The place has a quaint ambience that inevitably inspires local writers to gush that it's "just like a little Paris bistro," or some such blather. With Bosnian waiters, a no-smoking policy and an absence of canines, it's safe to say that Jacques Pepin wouldn't become disoriented if he were to wander in off the street. But Chez Leon has undeniable charm. Its glossy taffy-apple-red façade has more windows than a double-decker bus. Inside, a mural depicting canted rooftops and Gallic flags might have been copied from a Madeline storybook. The ersatz brasserie look is clinched with a few French advertising posters and a narrow line of mirrors stretching behind the banquettes.
This gleaming package is tarnished, however, by neglected chores. The pendulous convex lighting fixtures are huge and handsome, drawing the eye upward. Scores of moths, perhaps obeying their deceased relatives' exhortations to enter into the light, have expired and come to rest in the bellies of these hemispheres. Gazing up at the outlines of the moths' feathery corpses does not make for a romantic tableau. And the two unkempt restrooms, which seem to have been designated unisex only because that's oh-so-European, should be spruced up periodically each evening.

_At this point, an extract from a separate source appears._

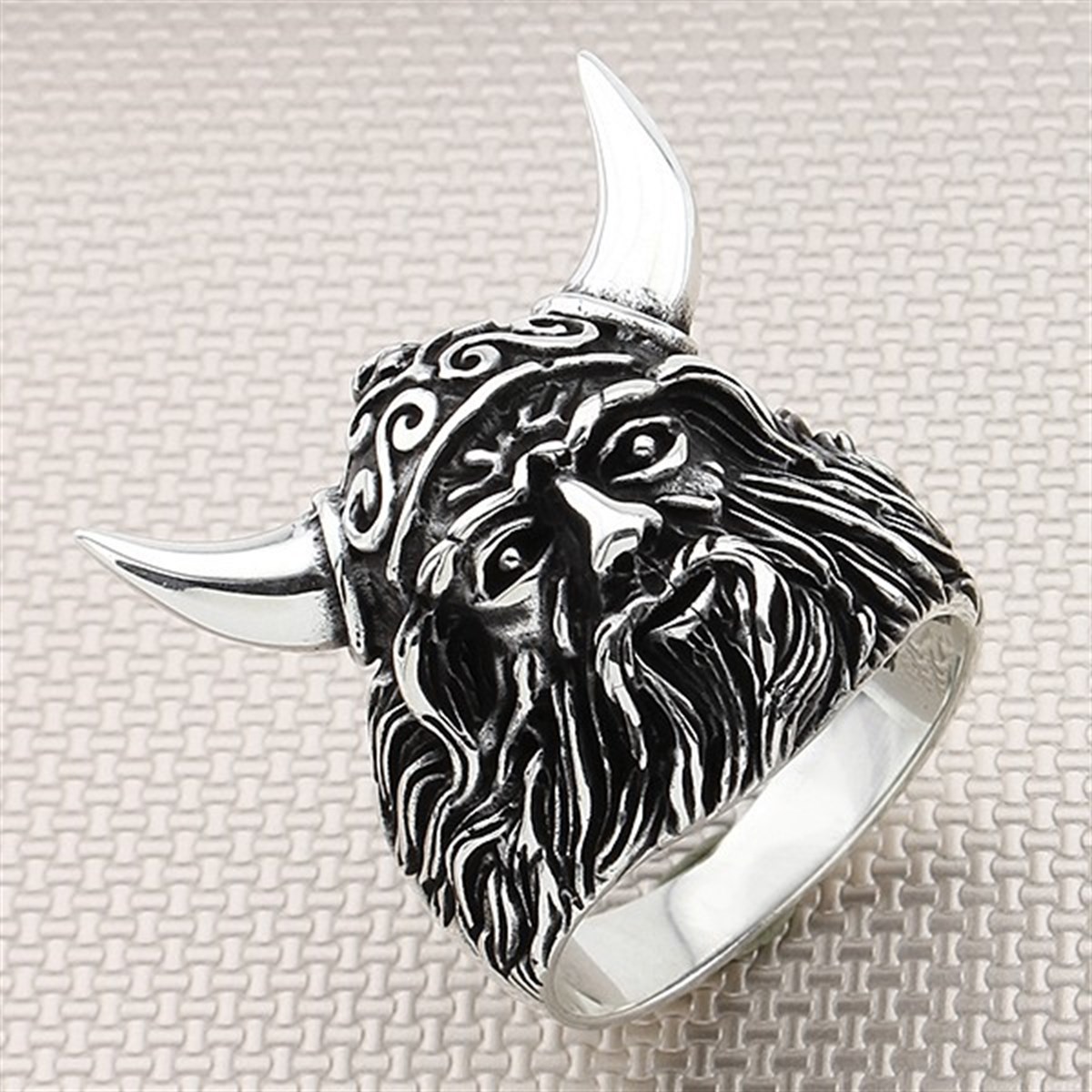 Motorcu Viking Toptan Gümüş Erkek Yüzük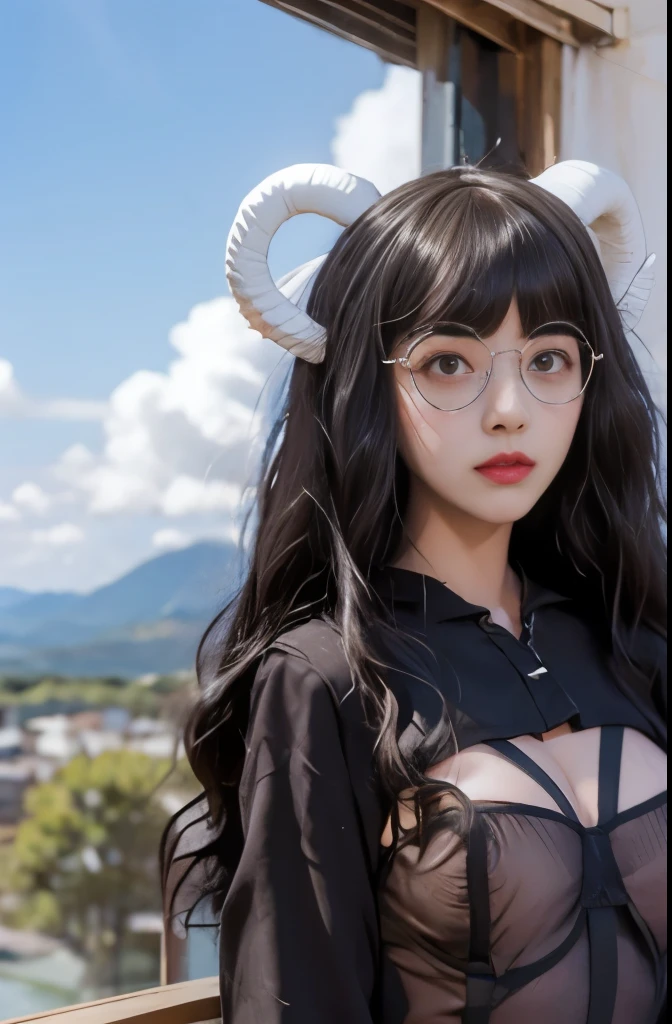 GADHADA,1 Girl,Shaman black silk,(background: garden),looking at the audience,photoPractical,Practical,Solitary,outdoor:2,Flowers,Blue sky and white clouds,Mountains,audience,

Chez Leon's table service teeters from lax to brisk, a sign that Bierbaum needs to focus on staff training and retention. On our first visit, the waiter was genial but overlooked a number of fundamental tasks, the most important of which was to explain the prix-fixe menu. An $18 main course with two other plates, such as an appetizer and a dessert, costs $28. That's a good value, but about one-third of the entrées require the diner to pay a premium. Tack on an additional $12, for example, if you order rack of lamb or sole meunière. And most diners will have to factor in the price of wine as well. The all-French list includes nearly 75 bottles, about 15 of which go for $30 or less.
On our next visit, we were assigned a crack waiter who remembered to pitch the house pâté, notify us that dessert soufflés must be ordered 20 minutes ahead of time and describe the banquet-style side dishes paired with the entrées. We'd been dismayed to discover during our previous visit that the kitchen takes an assembly-line approach to garniture, fitting out every entrée with almost identical sides. Fish plates, for instance, were accompanied by ratatouille, a carrot-turnip medley, basmati rice and a green minimuffin variously described by the waiters as a spinach timbale, spinach flan and spinach custard. For meat dishes, the rice was swapped with gratin dauphinois, or scalloped potatoes. Repurposing the same tedious sides for almost every main course is cost-efficient for the restaurant but stupefying for the diner, like sitting through back-to-back episodes of A Wedding Story.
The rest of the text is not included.